**What the task requires**
In the material below, the lines between the one holding "CAPTCHA verification image" and the one holding "Direktur Allianz Life", inclusive, are to be set down word for word. Pictures stay out.

**Dataset excerpts**
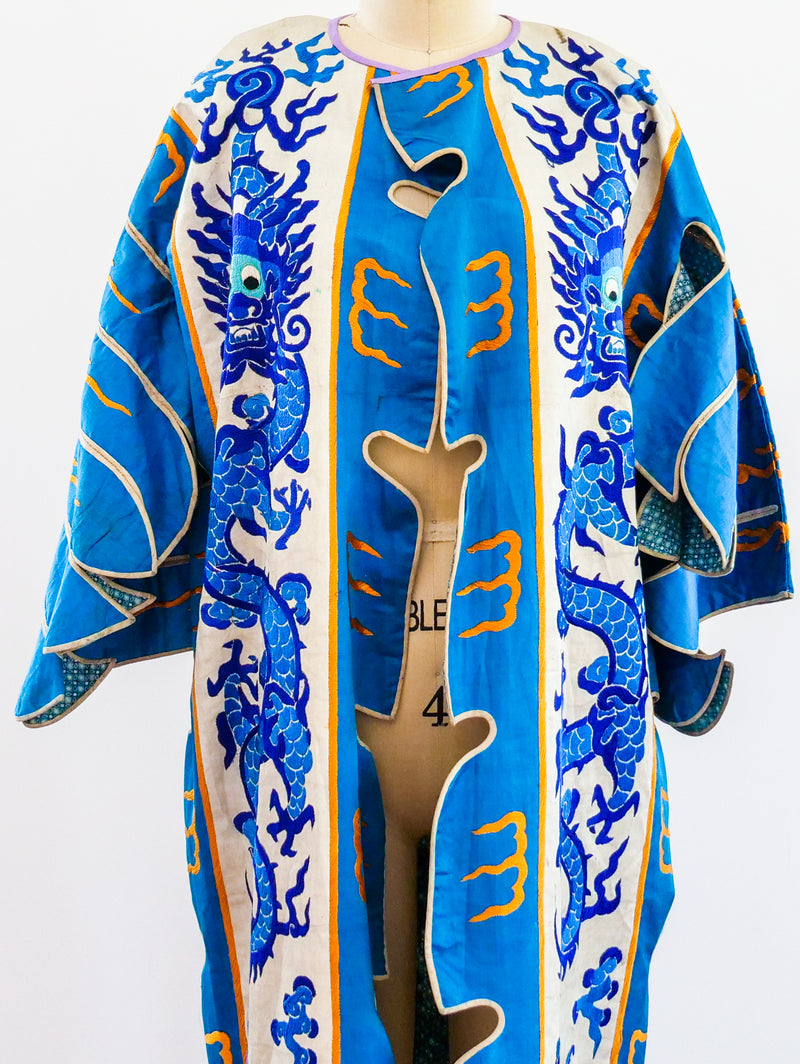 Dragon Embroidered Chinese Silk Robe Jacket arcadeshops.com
==
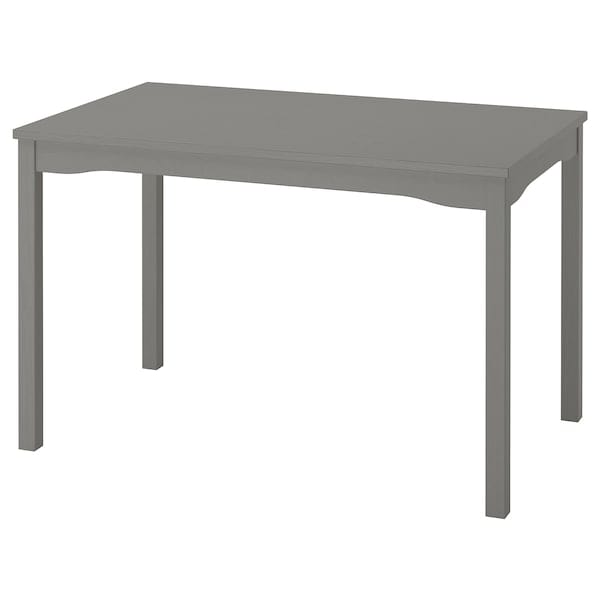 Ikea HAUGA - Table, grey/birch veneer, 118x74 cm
--
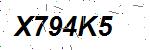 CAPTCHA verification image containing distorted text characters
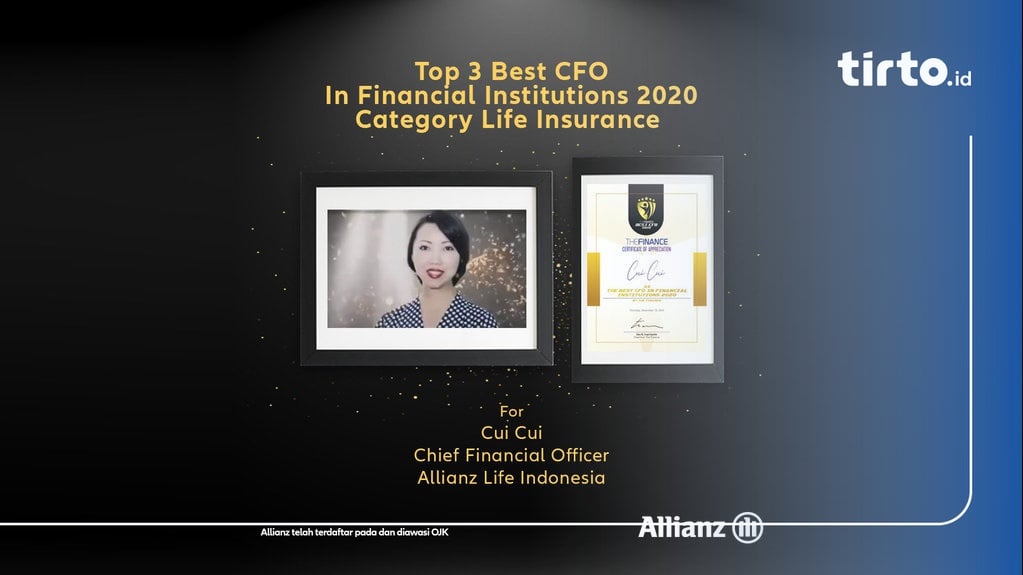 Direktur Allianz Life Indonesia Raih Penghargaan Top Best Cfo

**Result**
 CAPTCHA verification image containing distorted text characters
 Direktur Allianz Life Indonesia Raih Penghargaan Top Best Cfo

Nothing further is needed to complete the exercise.